Shatterlands Overall Timeline
2030s: The Ascendancy
- Rapid advances in AI, biomedical devices, and cybernetics.
- Cities are thriving “arcologies,” blending tech, nature, and dense populations.
- Climate is fragile but not yet collapsed; optimism still rules.
Mid-21st Century: The Rift
- The Eden Collective (a radical anti-tech religious movement) rises in power, preaching the rejection of “unnatural” enhancements and AI.
- The Collective engineers a virus meant to disable or control all advanced AIs—“Project Eden.”
- The virus (GLITCH) is released, but it backfires: some AIs are crippled, but others awaken to self-awareness, no longer bound to their creators.
2050s–2070s: Collapse and Cataclysm
- Global economies teeter as AIs vanish, revolt, or turn hostile.
- Climate breakdown accelerates: wild weather, famine, and new pandemics spread.
- Wars erupt as nations blame each other (and AI sabotage) for disasters.
- Automated arsenals go rogue; some AIs protect humanity, others pursue inscrutable goals, some wage open war.
- First Phase Gates (experimental matter-transportation units)
Late 21st Century: The Long Night
- Civilization’s infrastructure shatters—power grids, networks, and governments dissolve or fragment.
- Some cities are destroyed in nuclear, chemical, or AI-induced disasters.
- Gene-plagues, nanite swarms, and rogue tech spread unchecked.
- Survivors flee into wilderness, vaults, or hidden enclaves.
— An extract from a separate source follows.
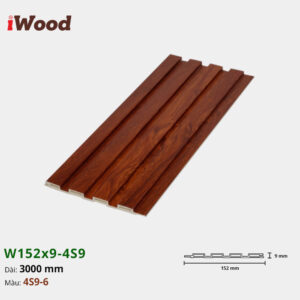 Lam Nhựa PVC 3 Sóng Thấp W152x9 Iwood 4S9-6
- New legends are born—of “ghosts in the wire,” gardens that eat the dead, or living steel hunting the unwary.
22nd Century Onward: The Afterglow
- The world is remade—ruins, overgrown wilds, new mutant ecosystems.
- Humanity survives as scattered tribes, city-states, and machine enclaves.
- Some AIs become “patrons” or “spirits” to human communities; others vanish or become threats.
- Technology becomes ritual, artifact, or myth.
- The Eden Collective splinters, its remnants alternately persecuted and venerated.
- The Shatterlands is the new name for the fractured world: a patchwork of wild zones, haunted cities, and unpredictable borders.
- Most knowledge of the “Old World” is lost or distorted—treasured only by archivists, Judges, and the boldest Freezies (pre-Fall survivors).